Prediction intervals with tidymodels, best practices?

What is the best practice for producing prediction intervals (not confidence intervals) for predictions using tidymodels (would prefer genralizable approach or at least across more than just linear regression and use of simulation methods when appropriate).

I read through these: https://github.com/tidymodels/parsnip/search?q=prediction+intervals&type=issues -- but got a little lost as seemed like was rolled into parsnip::predict() but also doesn't seem to have full set of features disucssed by Alex Hayes
Max in initial discussion... I was unclear exactly if this exists somewhere or will exist in the future.

I'm also interested if there are any good tidy tutorials out there on prediction intervals already that use existing tools (e.g. that take advantage of rsample, broom, etc).

(Link to helpful blog that breaks down sources of noise for bootstrapping prediction intervals: https://saattrupdan.github.io/2020-03-01-bootstrap-prediction/ , but code examples are in python).

This question was posted previously on the R4DS Online Learning Community Slack channel: https://rfordatascience.slack.com/archives/C8JSHANJY/p1601014414012500

1 Like

Have you looked at tidypredict?

2 Likes

Thanks for the reply and the link! I did check here but seemed to only be for parametric approach and also seemed to only be for linear models:

(Scrolling to bottom)
image

I would be interested in an example that uses simulation based approach as well as example for non-linear model.

parsnip can produce them for model types that naturally make them.

Otherwise... that paper that it cited in the blog post (and its references) are doable. I would not use the 632 method here since, for some models, the apparent error rate is 0. I would also use 10-fold CV to get the residuals too (instead of re-predicting the training set).

I have some old caret code laying around to do this (only for regression models). However, as the blog shows, you need to do a large number of bootstrap fits of the model to get good coverage and stability.

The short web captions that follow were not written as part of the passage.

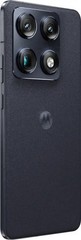 Motorola Signature Global 512GB 16GB RAM Dual SIM Unlocked – Pantone Carbon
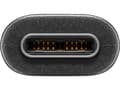 Miniatyrbild 2 av 5: Goobay 67995, 0,6 m, Micro-USB B, USB C, USB 2.0, Hane/Hane, Grå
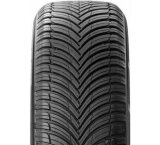  Bfgoodrich Advantage Suv Allseason 235/55r17 99v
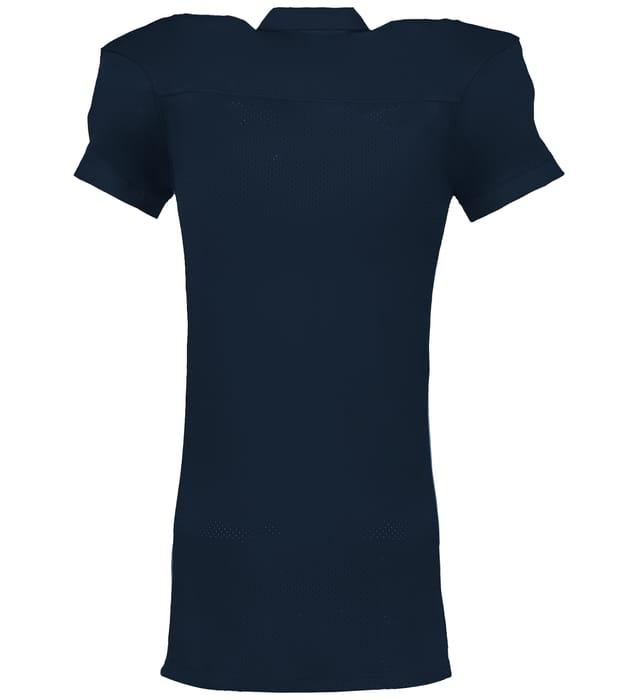 Adult Elusive Football Jersey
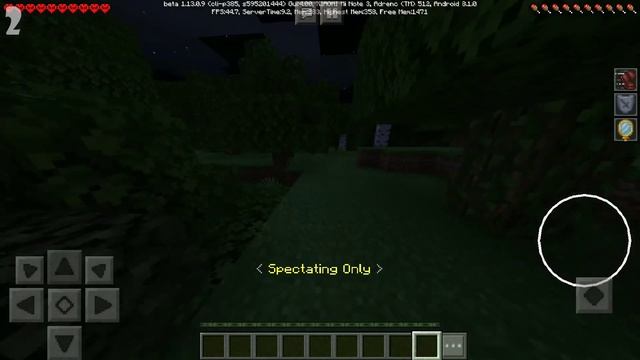 ТОП МОДОВ ДЛЯ ВЫЖИВАНИЯ В МАЙНКРАФТ ПЕ 1.13 ! СКАЧАТЬ МОДЫ И АДДОНЫ смотреть онлайн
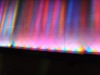 LEDϴǽ�� 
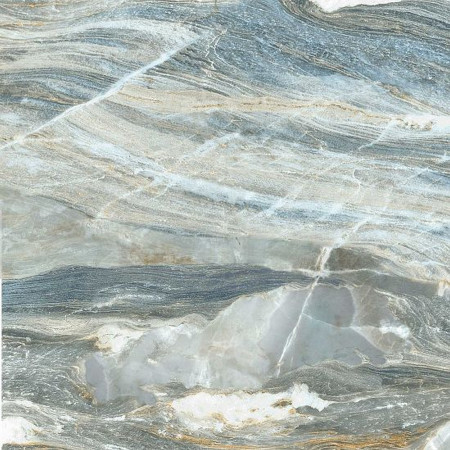 НФ-00096746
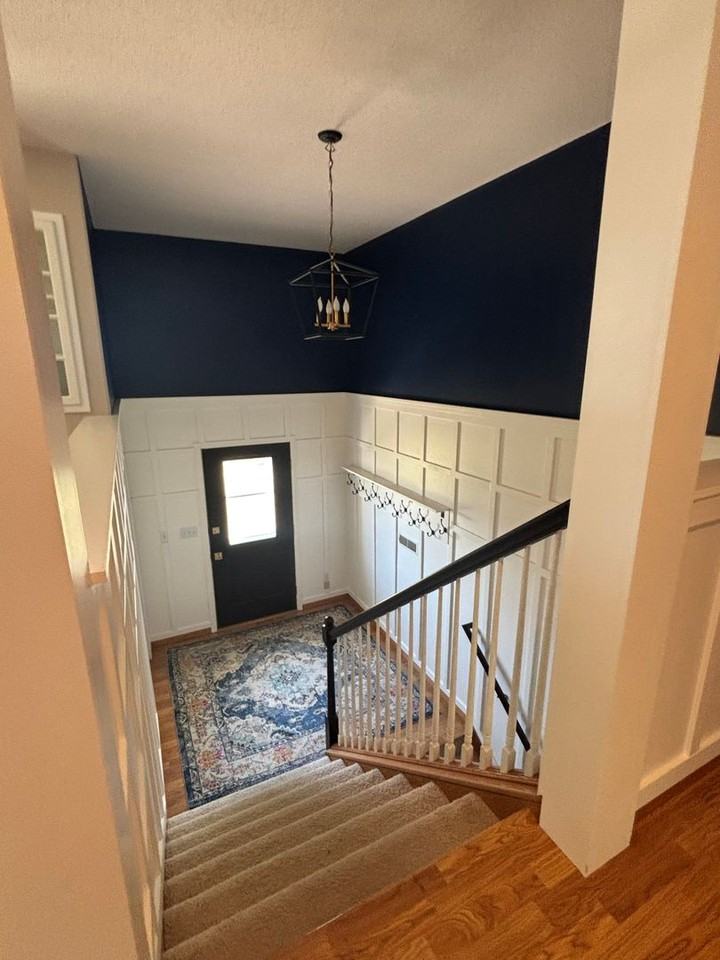 6809 76th Ave S - Photo 5 of 24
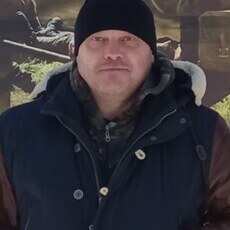 Роман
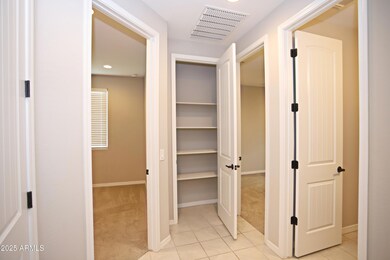 7013 W Bajada Rd, Peoria, AZ 85383 - photo 6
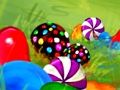 Игра Супер Конфетные драгоценности онлайн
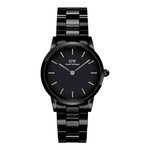 Damski zegarek DANIEL WELLINGTON DW00600415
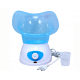 BENICE FACIAL STEAMER BENICE FACIAL STEAMER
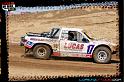 DSC01782LOORRS4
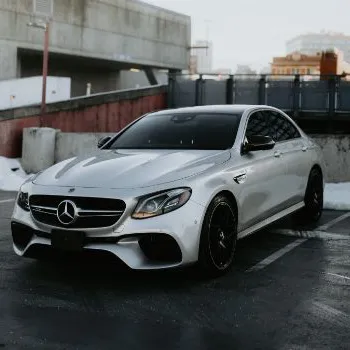 mercedes repair clackamas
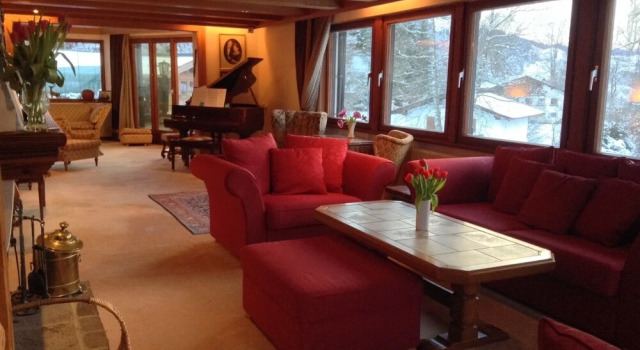 Haus Cameron Summer, Забронировать Отель Отели Тироля 3 звезды, 3*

A long while back I tried this out at my previous job. There were some issues about the generality of the resampling approach. Imagine a CART tree fit. Outside of the data range, the predictions are flat on either side of the distribution of x and intervals can be really misleading there.

I've got a lot going on currently but I'll try to create a gist that does some of this with rsample and parsnip. I won't support it so use it at your own risk. I'll give a link here if/when I have that working.

6 Likes

Thank you!

parsnip can produce them for model types that naturally make them

I am assuming below is a way to check which parsnip supported models naturally make prediction intervals:

library(tidyverse)

envir <- parsnip::get_model_env()

ls(envir) %>% 
  tibble(name = .) %>% 
  filter(str_detect(name, "_predict")) %>% 
  mutate(prediction_modules  = map(name, parsnip::get_from_env)) %>% 
  unnest(prediction_modules) %>% 
  filter(str_detect(type, "pred_int"))
#> # A tibble: 3 x 5
#>   name                 engine mode           type     value           
#>   <chr>                <chr>  <chr>          <chr>    <list>          
#> 1 linear_reg_predict   lm     regression     pred_int <named list [4]>
#> 2 linear_reg_predict   stan   regression     pred_int <named list [4]>
#> 3 logistic_reg_predict stan   classification pred_int <named list [4]>

Created on 2020-09-29 by the reprex package (v0.3.0)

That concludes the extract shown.